Task brief: Return the listing below unchanged, minus its pictures.
****************************************
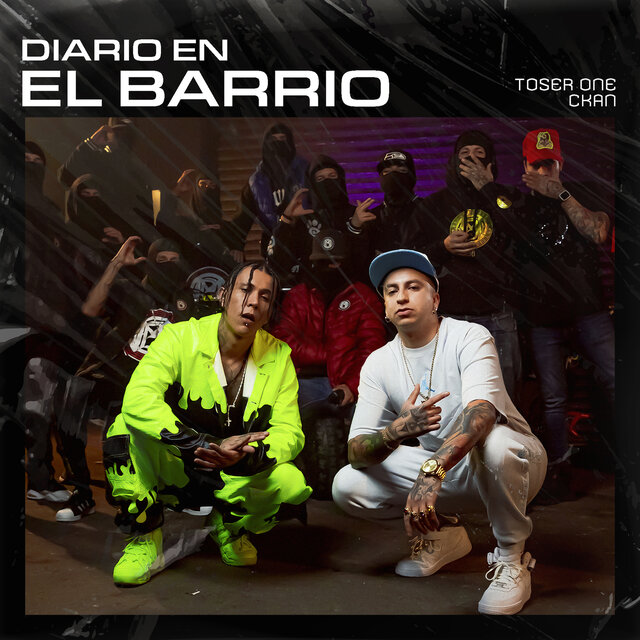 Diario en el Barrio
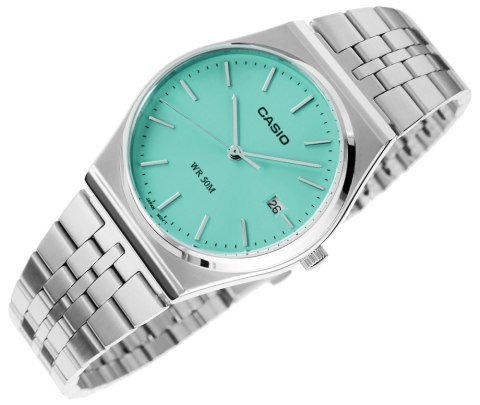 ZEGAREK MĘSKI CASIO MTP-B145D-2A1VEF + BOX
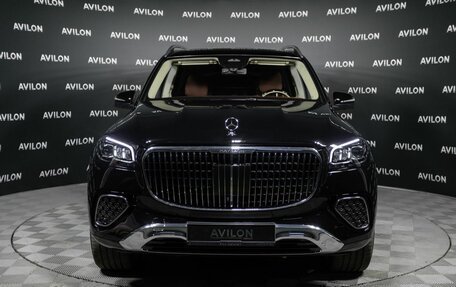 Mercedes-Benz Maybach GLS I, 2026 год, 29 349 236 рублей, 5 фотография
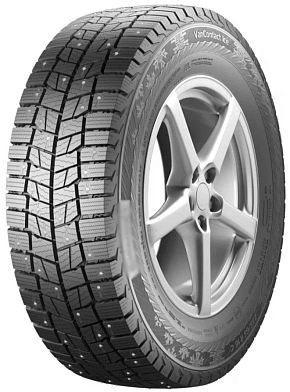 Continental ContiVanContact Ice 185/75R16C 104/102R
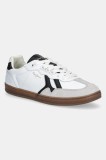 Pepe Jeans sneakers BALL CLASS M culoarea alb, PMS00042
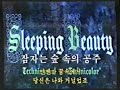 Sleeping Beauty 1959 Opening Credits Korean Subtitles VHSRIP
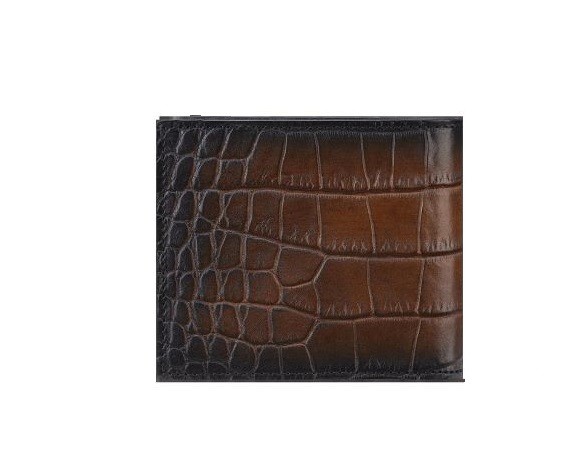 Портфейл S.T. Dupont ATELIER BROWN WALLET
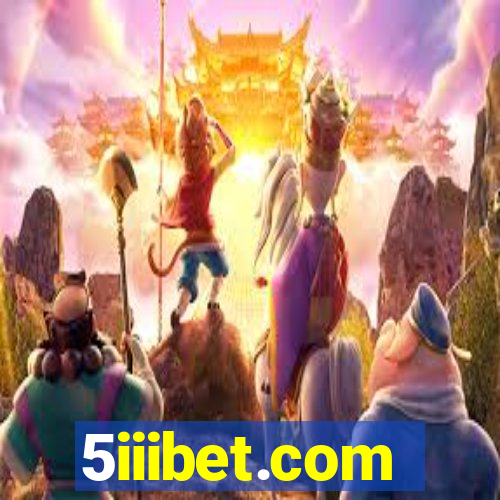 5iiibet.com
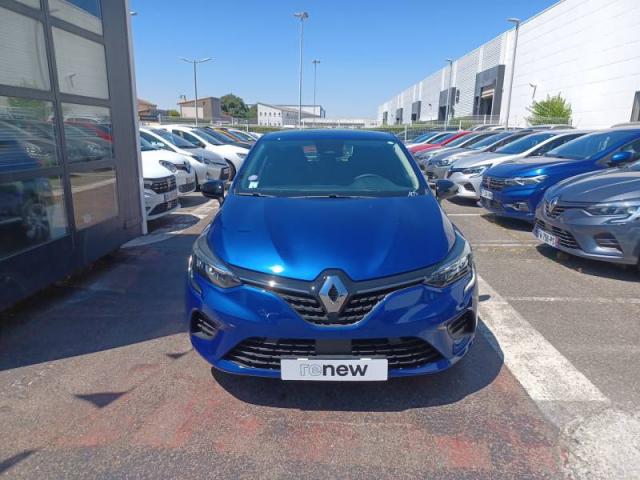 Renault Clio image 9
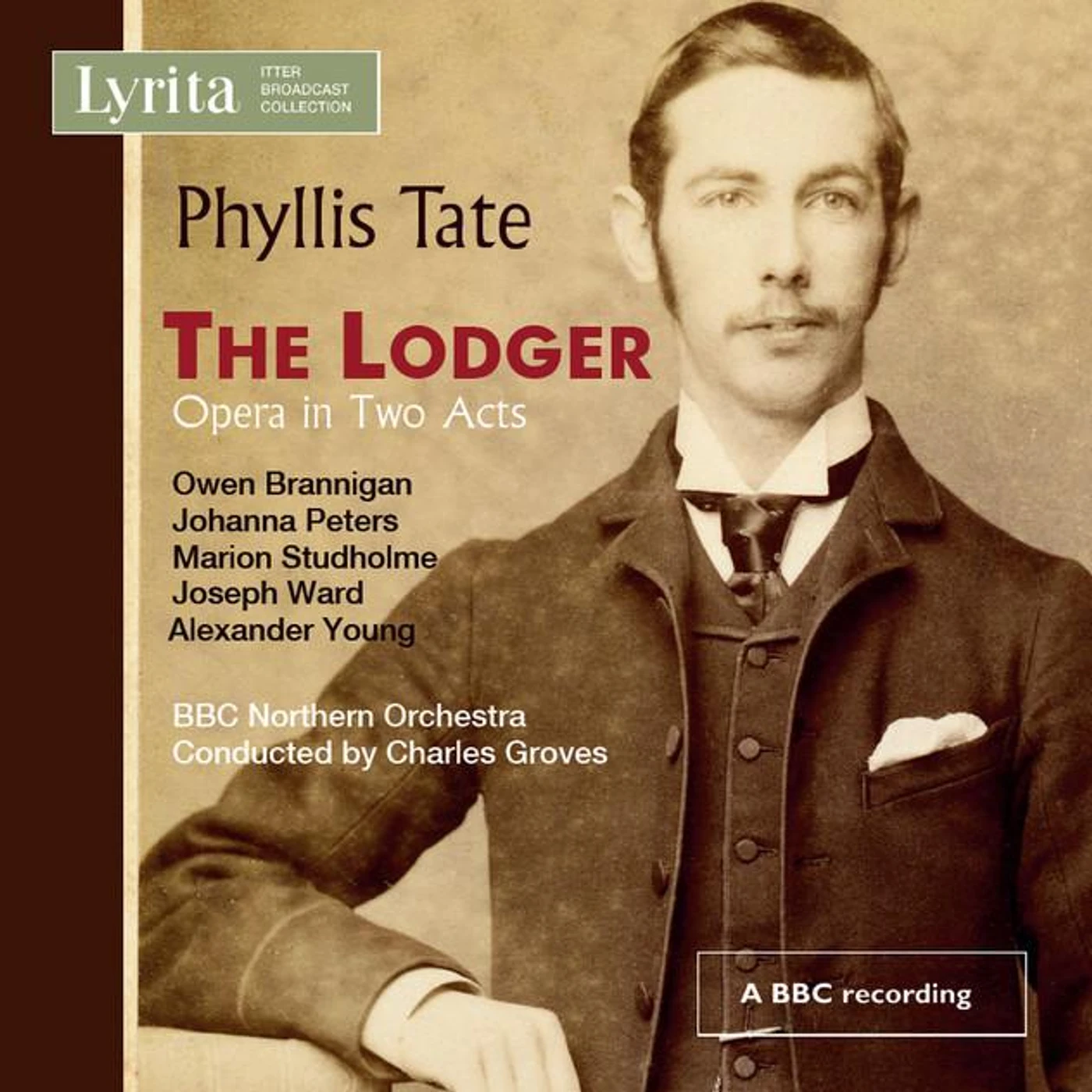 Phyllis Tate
****************************************
Expected output:
 Diario en el Barrio
 ZEGAREK MĘSKI CASIO MTP-B145D-2A1VEF + BOX
 Mercedes-Benz Maybach GLS I, 2026 год, 29 349 236 рублей, 5 фотография
 Continental ContiVanContact Ice 185/75R16C 104/102R
 Pepe Jeans sneakers BALL CLASS M culoarea alb, PMS00042
 Sleeping Beauty 1959 Opening Credits Korean Subtitles VHSRIP
 Портфейл S.T. Dupont ATELIER BROWN WALLET
 5iiibet.com
 Renault Clio image 9
 Phyllis Tate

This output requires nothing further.